The platform will work by making the inventory of small shops available for purchase online using a sophisticated web and app interface comparable to those offered by online retail giants.
At present, small, local shops often have zero online presence.
Even those that have their own websites lack the sophisticated software tools to list their items, manage and track orders, update stock data and support online payments.
Reliance Industries, which owns telecom operator Jio, is expected to provide all this in an easy-to-use package to help anyone with a phone to order anything online from shops in his vicinity.
If successful, the move could reduce fulfillment time for typical online purchases from days to hours, while helping offline stores remain relevant in the online shopping era.
“Reliance is working on creating the world’s largest online-to-offline New Commerce Platform,” Ambani revealed at the Make in Odisha Conclave 2018 today.
He promised to transform the lives and businesses of 3 crore merchants in the country.
“We will enable them to do everything that large enterprises and large ecommerce players are able to do,” he added.
The idea of e-enabling local shops is not new. Apps like Zopper and Purplista have tried to connect the shopper with local vendors, with mixed success.
The primary impediment to the strategy has been two-fold: keeping inventory data up-to-date and delivery.
All the apps require the local shopkeeper to ensure that items that are out of stock are shown as such, so as to avoid disappointing shoppers.
This requires the shopkeepers to enter inventory information — such as the number of size XL baby diapers they have — into a software so that it can be read by the e-commerce platform.
This also means that these numbers have to be updated after every sale — offline or online.
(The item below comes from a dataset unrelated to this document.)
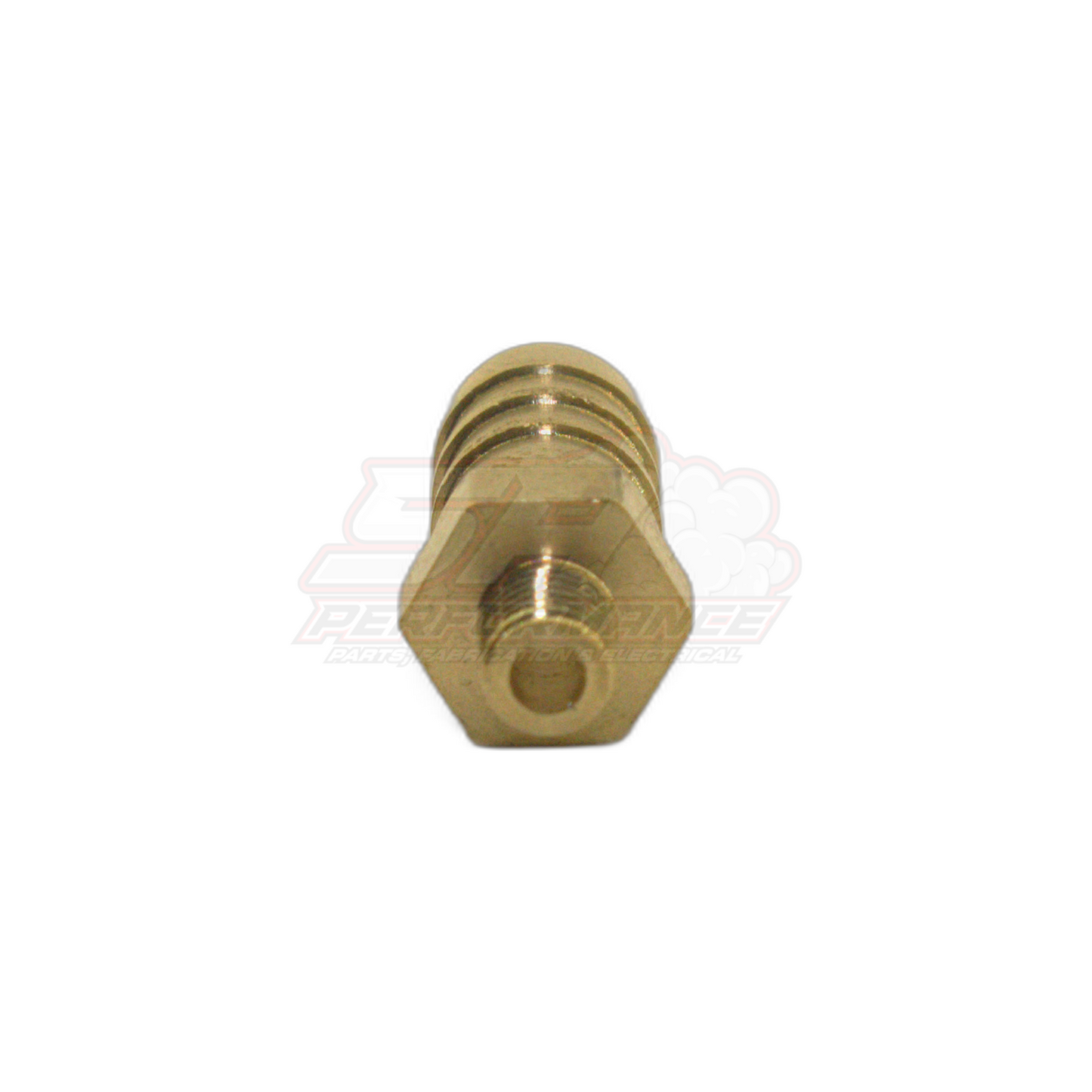Front angled view of M5 x 0.8 male metric to 8mm barb brass fitting showing hexagonal wrench flats and threaded end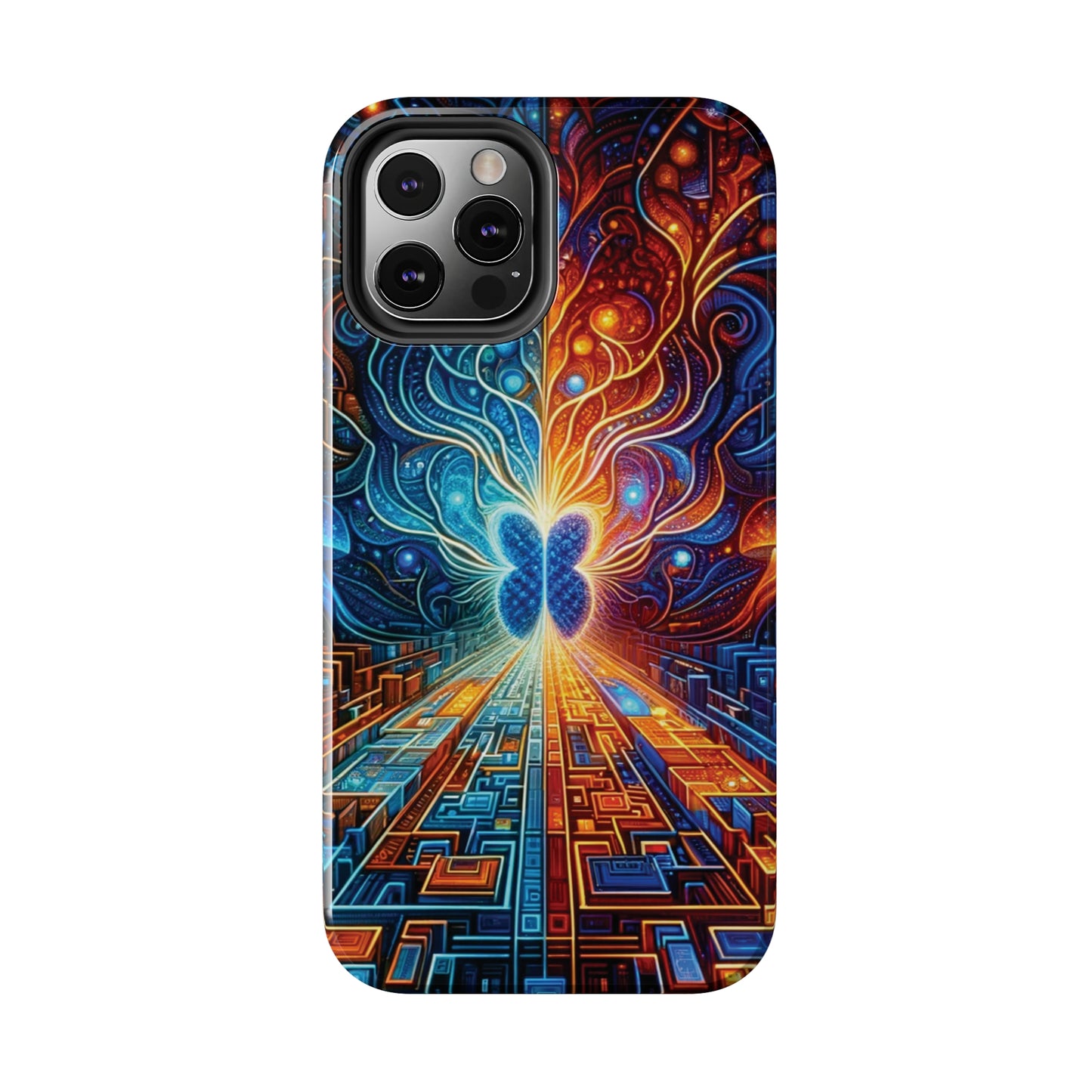 ToughDrop Apple iPhone Case Ft. Cyber Blue Butterfly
While it is possible to automate the process for online transactions, accounting for offline transactions requires constant and, often expensive, manual intervention.
The second challenge has been delivery.
While online platforms like Amazon and Flipkart have their own departments and subsidiaries to take care of delivery, many of the local-shopping apps do not offer any kind of logistical support, putting the onus for delivery entirely on the individual shopkeeper.
While this is not a challenge for certain types of shops like restaurants, it may pose difficulties for others categories like garment outlets.
It is not clear whether Reliance, which owns India’s widest chain of retail shops, intends to help with the logistics part as well. As of September, the company had 9,146 retail outlets across more than 5,800 towns and cities in the country.